Wie ein Fürst sich Ruhm erwirbt.

Lärm und Aussehen in der Welt verursachen und sich Ruhm gewinnen — das ist zweierlei. Die große Masse, ein sehr unberufener Richter darüber, wem Ehre gebühre, läßt sich gar leicht betören durch den äußeren Schein alles Großen und Wunderbaren und verwechselt gar zu gern gute Taten und außerordentliche, Reichtum und persönliches Verdienst, blendenden Glanz und innere Gediegenheit. Ganz anders der Maßstab, den aufgeklärte und geistig bedeutende Menschen anlegen, vor denen hält's schwerer zu bestehn; sie zergliedern das Leben der Großen wie ein Anatom eine Leiche und werfen die Frage auf: War, was sie wollten, recht und edel? Waren sie gerechten Sinnes? Was hatte von ihnen die Welt: mehr Segen oder mehr Schaden? Stand ihr Mut unter der Vormundschaft ihrer Weisheit oder war er nur ein Aufwallen ihres erregbaren Blutes? Den Wert des Erreichten bemessen sie nach dem Werte der Beweggründe, nicht aber jene bewegenden Ursachen im Gemüt nach dem Erfolge. Mag das Lasier in den schönsten Schein sich hüllen, sie lassen sich nicht blenden und geben den Preis des Ruhms nur dem Verdienste und dem Manneswert.
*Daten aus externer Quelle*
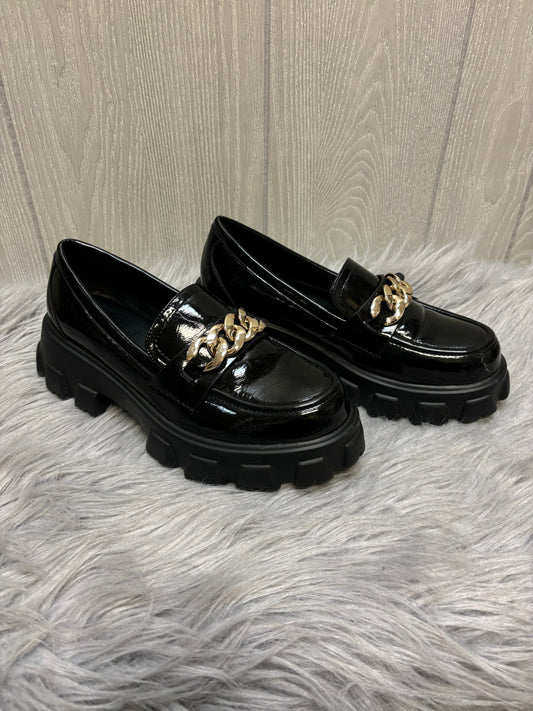 Black & Gold Shoes Heels Platform Bamboo, Size 8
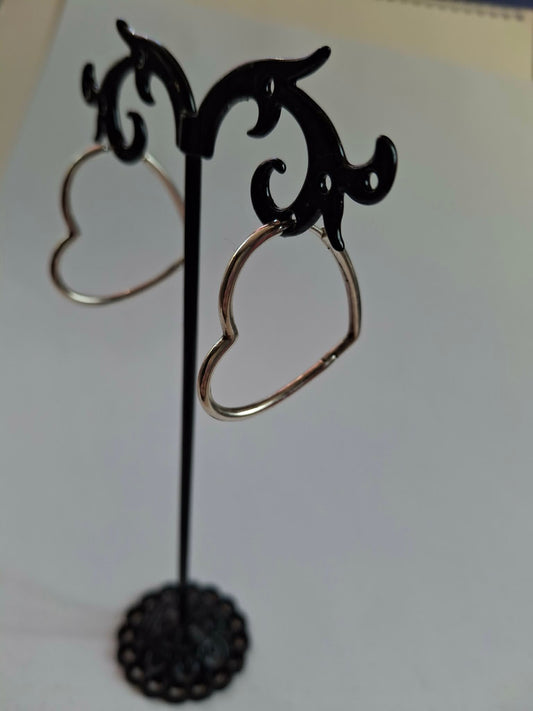 Cercei argint model inima inimioară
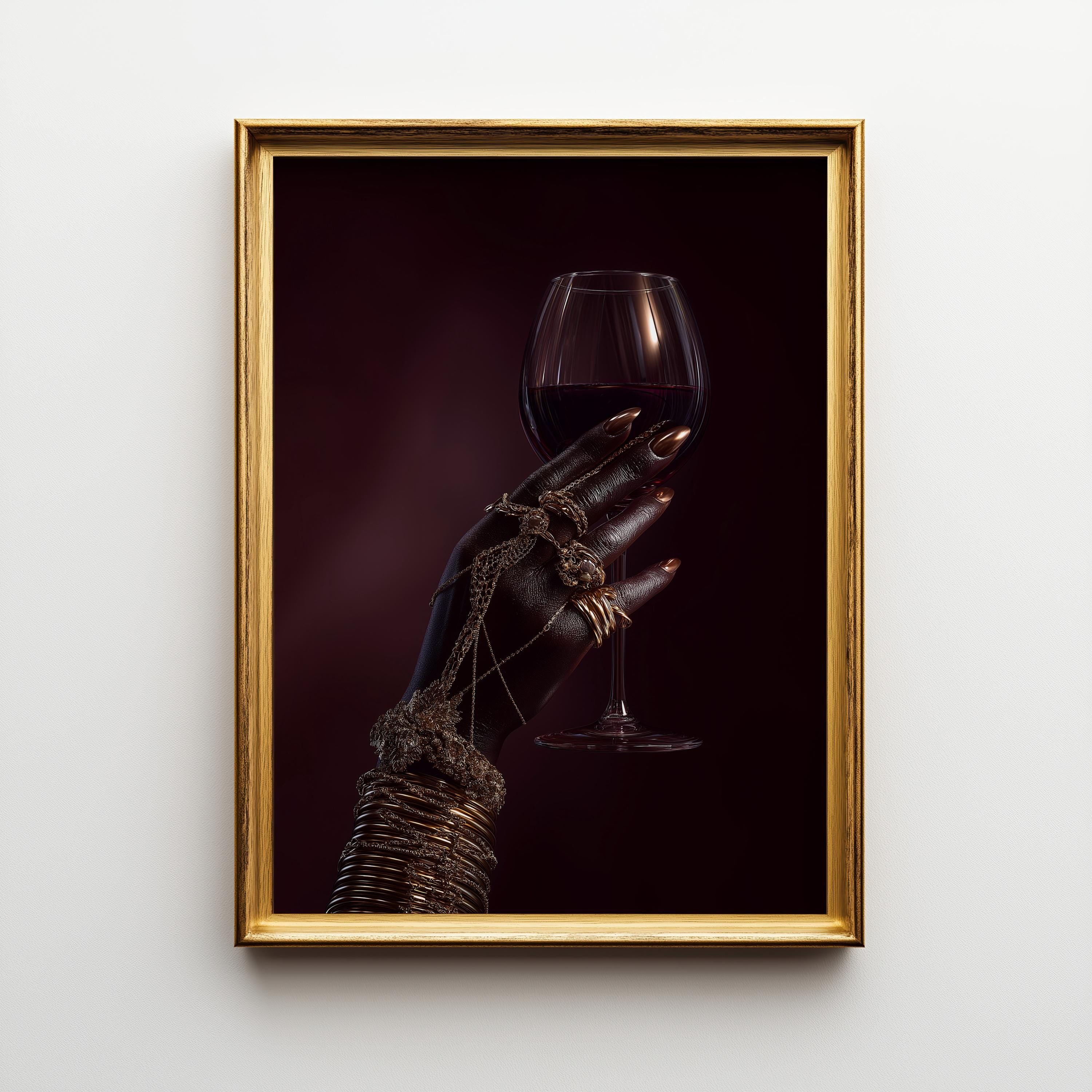 Afrocentric Black Power Still Life with Wine Glass & Gold Jewellery 2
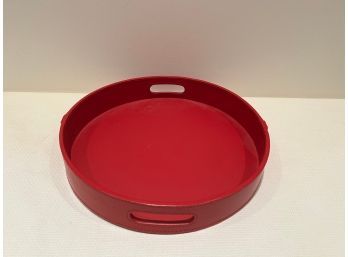 Crate And Barrel Round Red Leather Tray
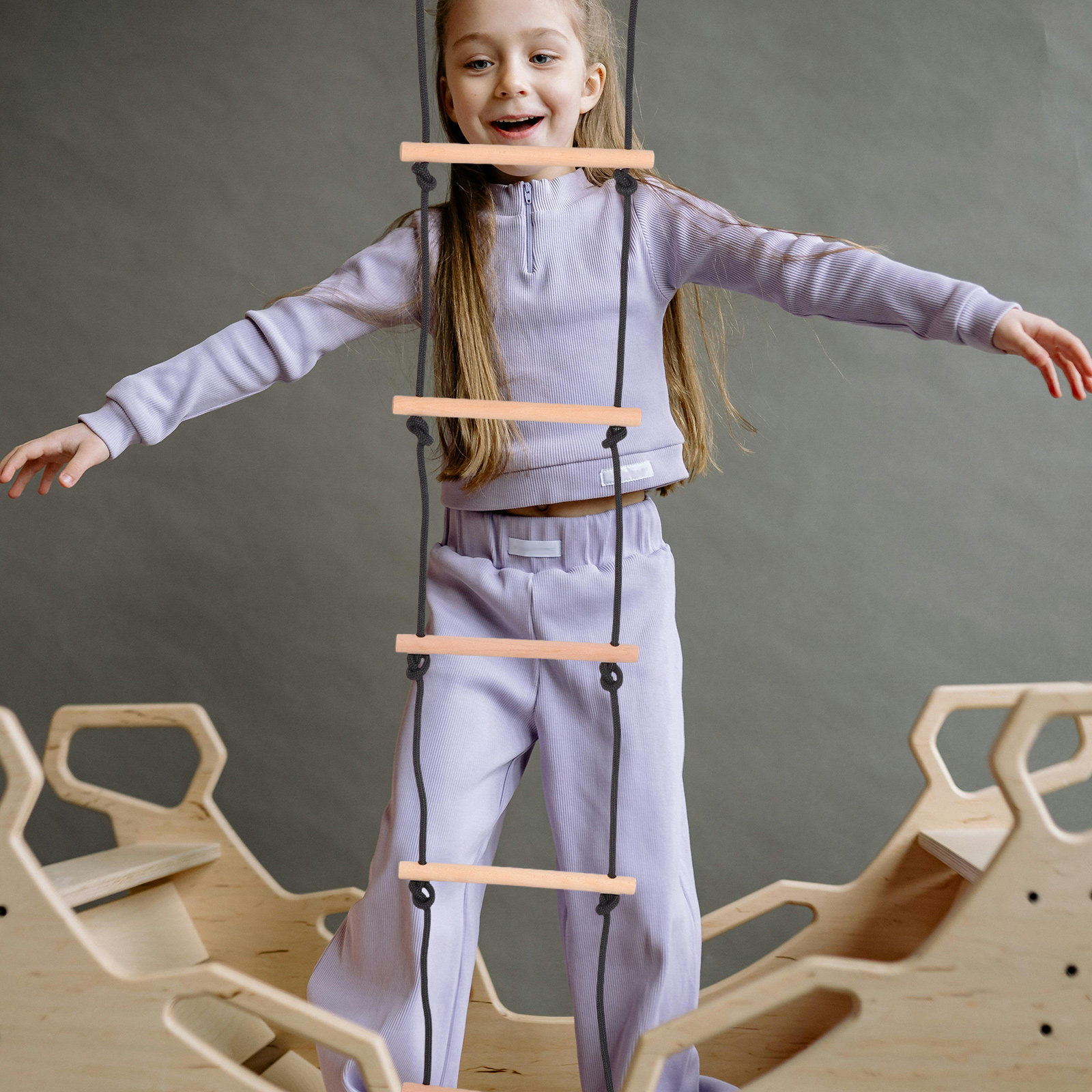 مجموعة واحدة من سلم التسلق للأ - مراجعة Kids Outdoor Wooden Climbing Frame وسعره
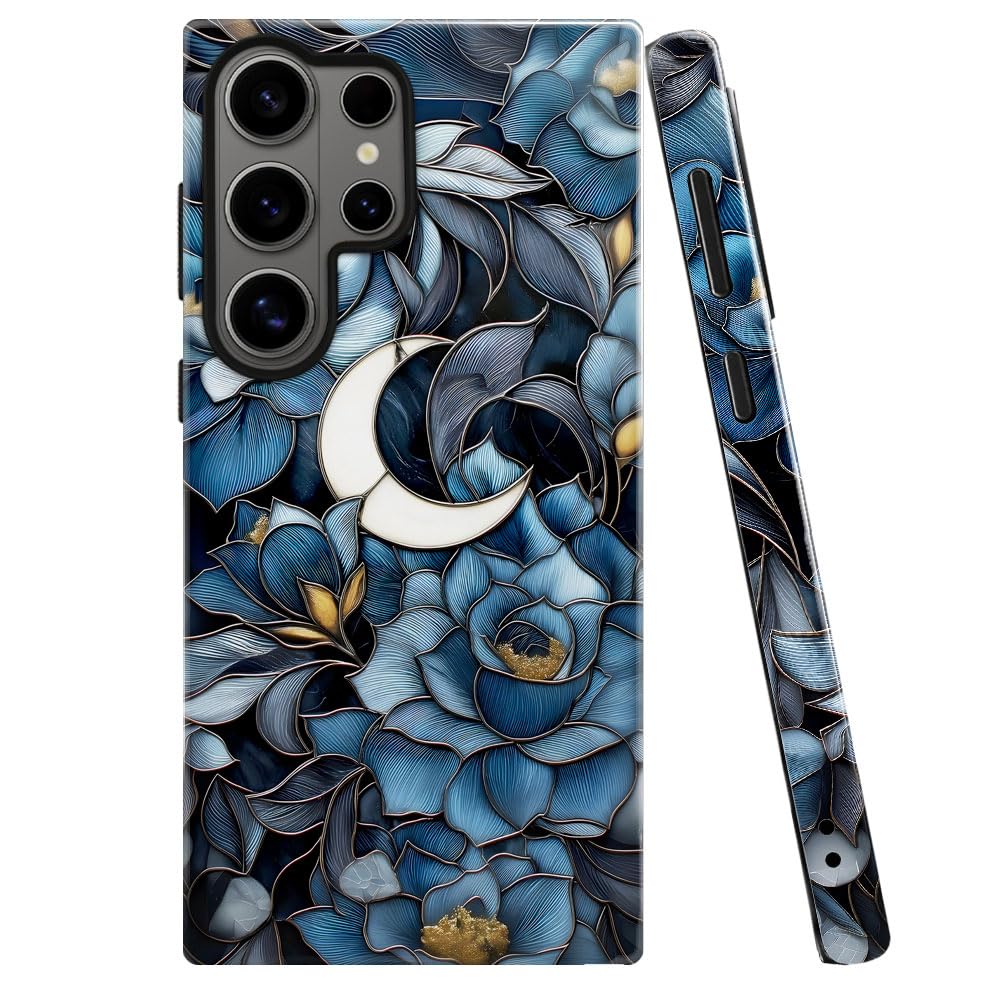 Case for Samsung Galaxy S26 Ultra,Stained Glass Floral and Moon Phone Case Military-Grade Drop Protection Cover for Women Girl -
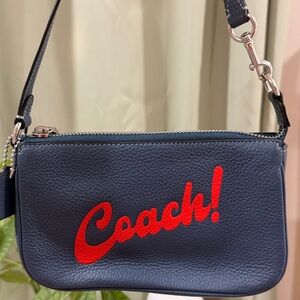 Coach Blue Leather Wristlet with Vibrant Red Logo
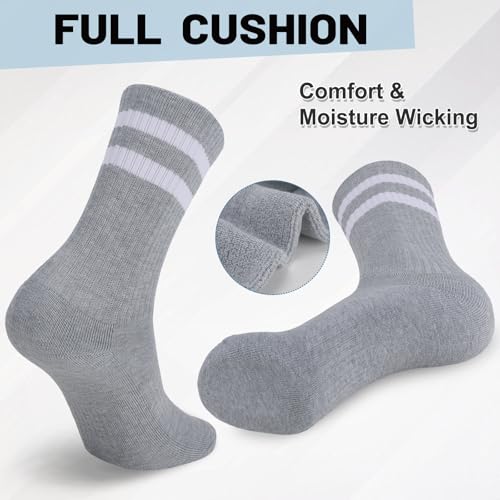 Image of Ultrafun 5 Pairs Striped Crew Socks Cotton Cushioned Athletic Sports Running Socks for Men Women Teens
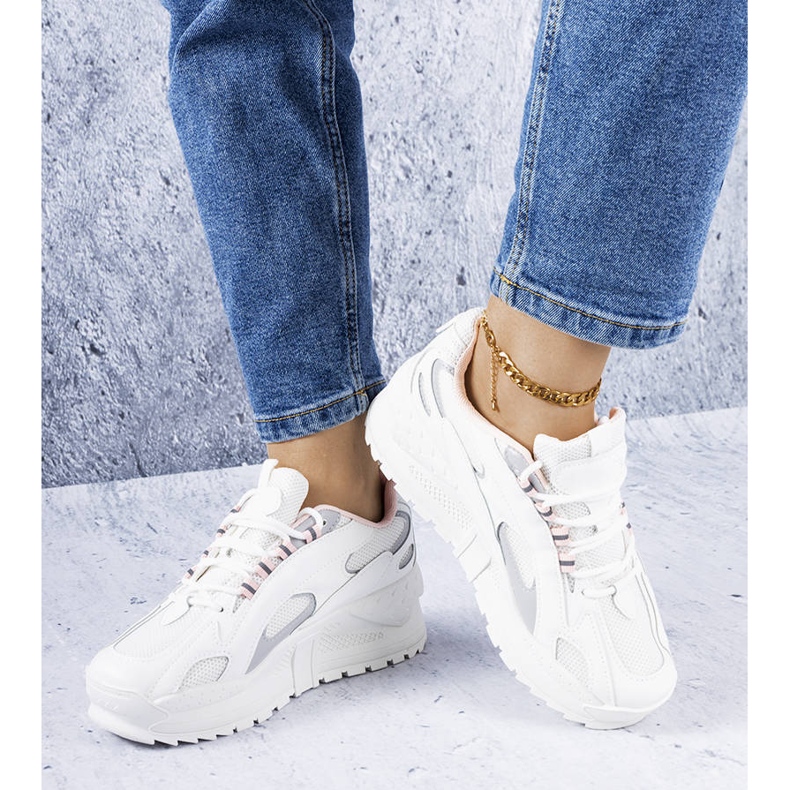 PA1 Weiße und rosafarbene Turnschuhe mit Keilabsatz von Germain silber- 1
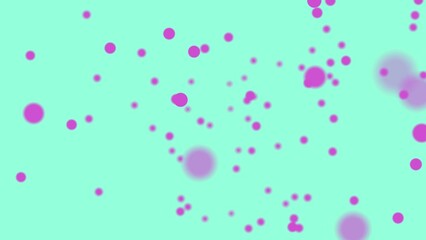 Motion design pink on a blue plexus 4k background. Motion graphics purple dust. Purple circles. Pink particles on an aquamarine background.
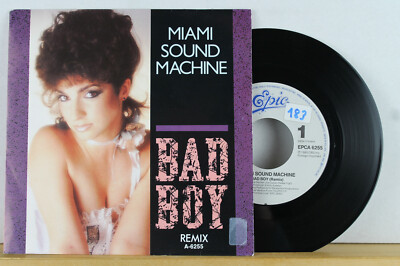 7'' - MIAMI SOUND MACHINE - Bad Boy (RMX) - Surrender Paradise - Epic 1985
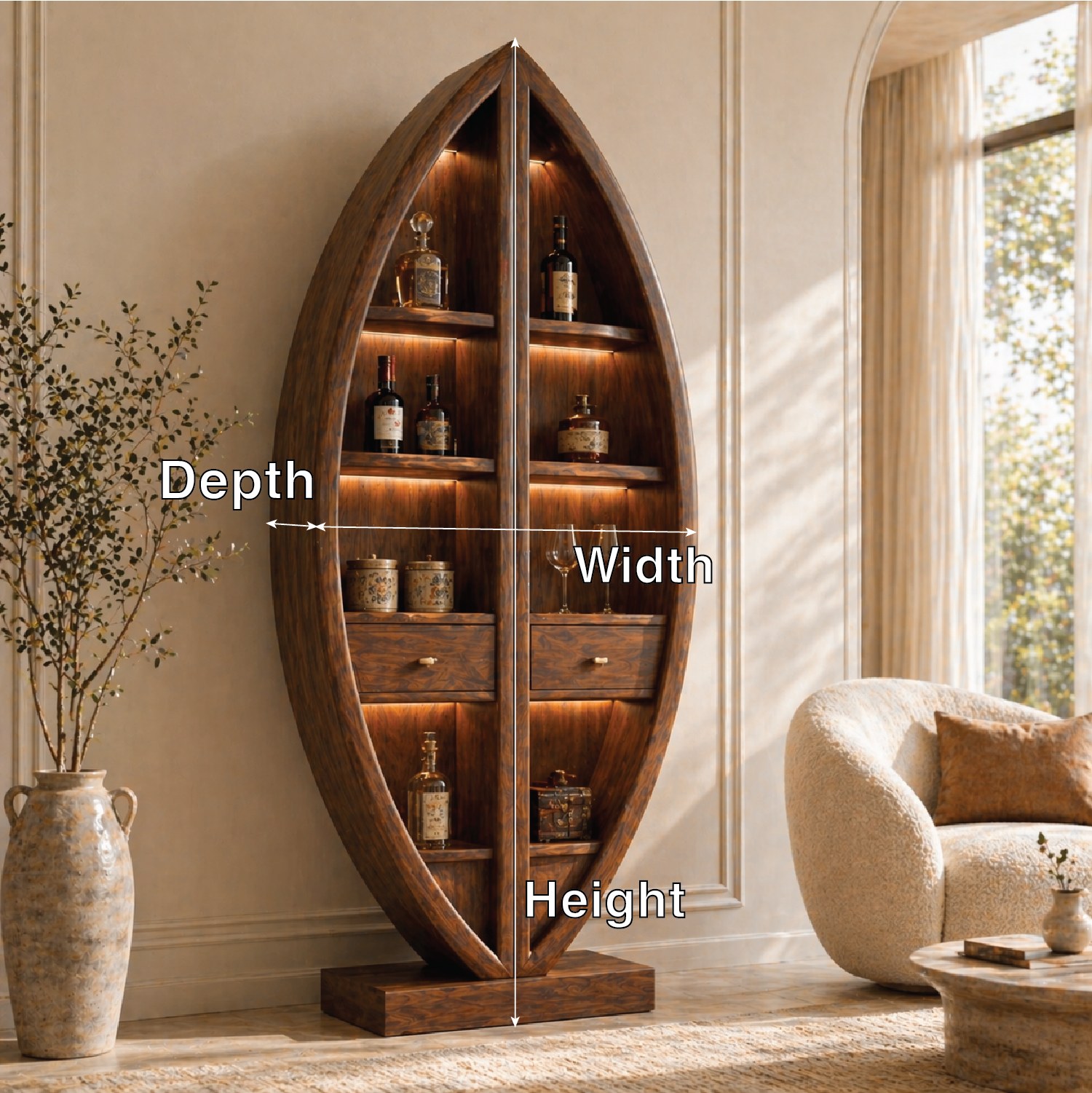 Sculptural Tall Wine Cabinet Freestanding Bar Storage Display Shelves With Drawers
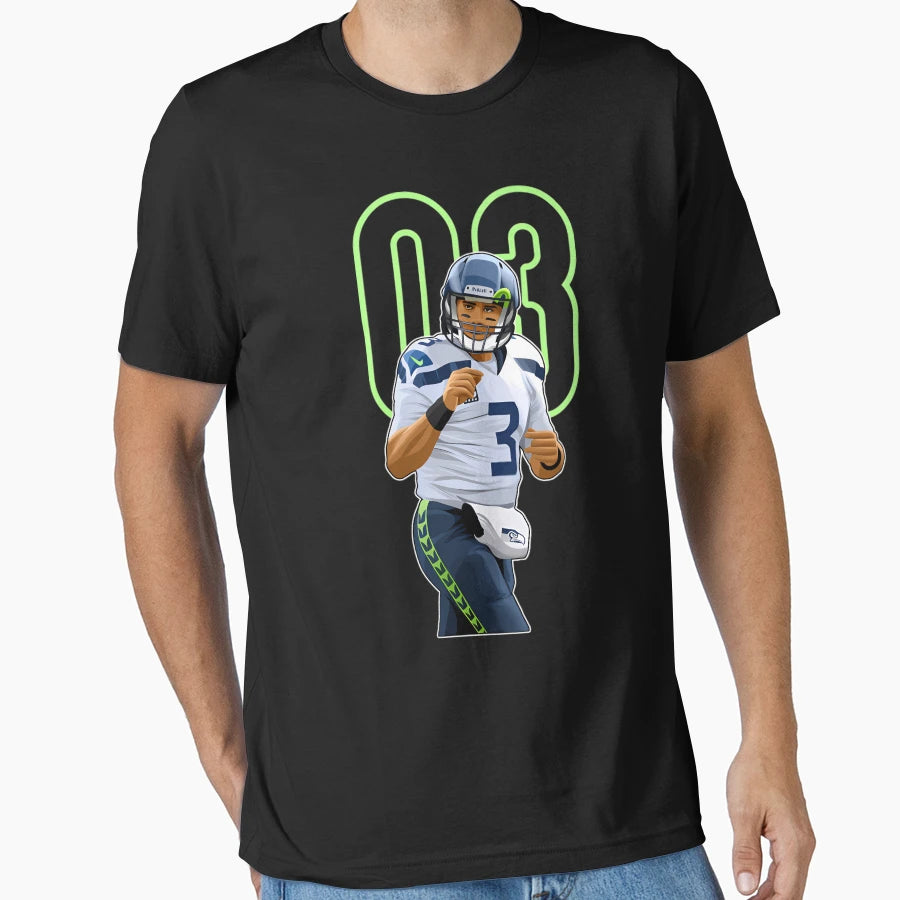 Russell Wilson Denver 3 Number T-Shirt - Casual Everyday Wear for Adults - T-Shirt, Sweatshirt, Hoodie
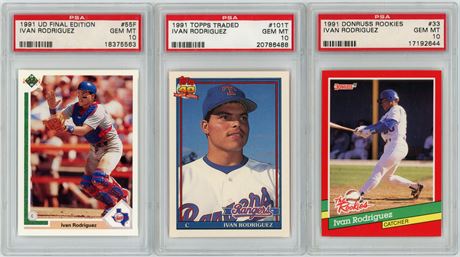 1991 Upper Deck/Topps/Donruss Ivan Rodriguez RC Lot (3) All PSA 10 GEM MINT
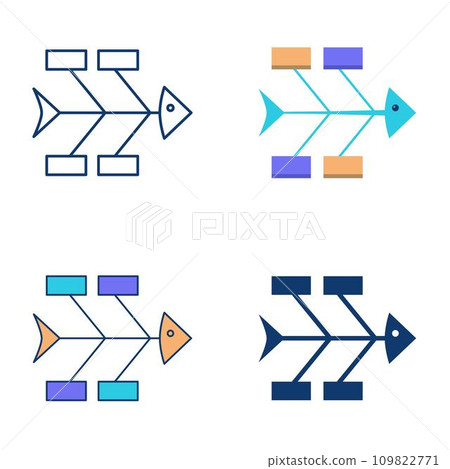 Ishikawa fishbone diagram icon set 109822771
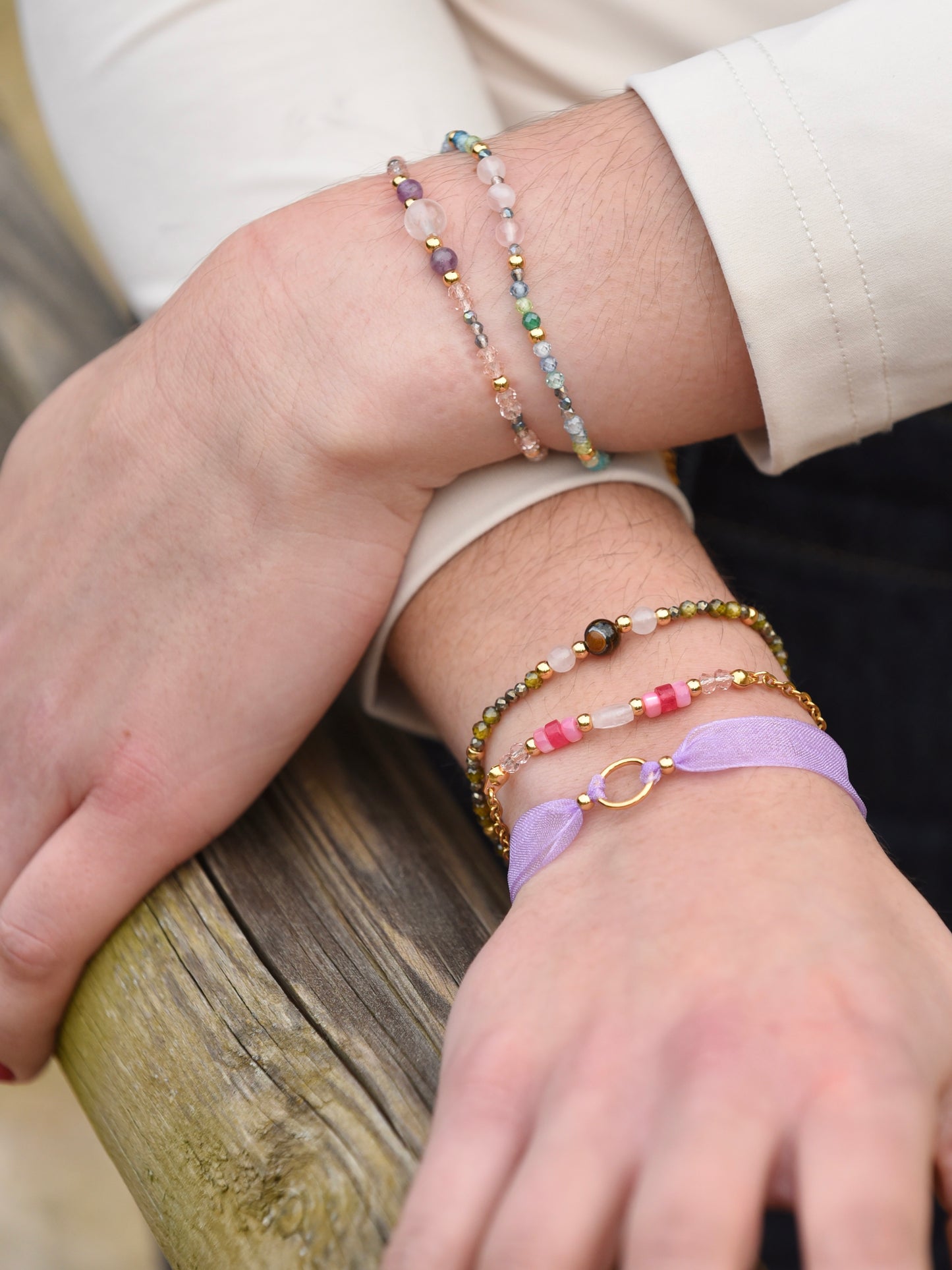 Pulsera Abeille - Cuarzo Rosa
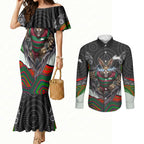 South Sydney Rabbitohs Couples Matching Mermaid Dress and Long Sleeve Button Shirt The Scream of Lightning Eyes - Indigenous Dot Ripping Effect
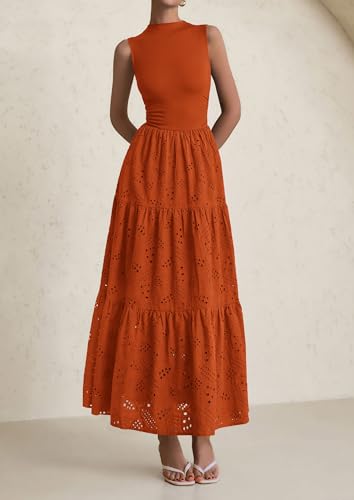 Image of PRETTYGARDEN Summer Dresses for Women 2026 Casual Eyelet Sleeveless Wedding Guest Maxi Dress Tank Top Sundress with Pockets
Was Machiavell groß und ruhmwürdig nennt, ist genau jener falsche Schimmer, der das Urteil der Masse besticht! Ganz im Geiste des Volkes schreibt er, und zwar des niedrigen, des gemeinen Volkes. Doch für ihn wird es ebenso unmöglich sein, mit dieser gewöhnlichen Denkweise den vornehmen Geschmack eines Mannes von höheren Ehrbegriffen zu treffen, wie es dem Moliere unmöglich war; wer den Misanthrop recht hochstellt, wird den Scapin um so tiefer stellen.

Das vorliegende Kapitel Machiavells enthält Brauchbares und Fehlerhaftes nebeneinander. Ich will zunächst die Verstöße aufweisen, um dann zu unterschreiben, was er an Richtigem und Löblichem vorbringt. Zum Schluß will ich mir erlauben, zu einigen Fragen, die sich ungezwungen hier anschließen, Stellung zu nehmen.

Für alle, die durch große Unternehmungen und seltene, außerordentliche Leistungen sich auszuzeichnen gedenken, stellt der Verfasser als Vorbilder auf: Ferdinand von Aragonien1 und Bernhard von Mailand2. Er findet das Wunder ohnegleichen in


1 Ferdinand der Katholische, König von Spanien (1479—1516).

2 Bernhard Visconti, Herr von Mailand (1354—1385).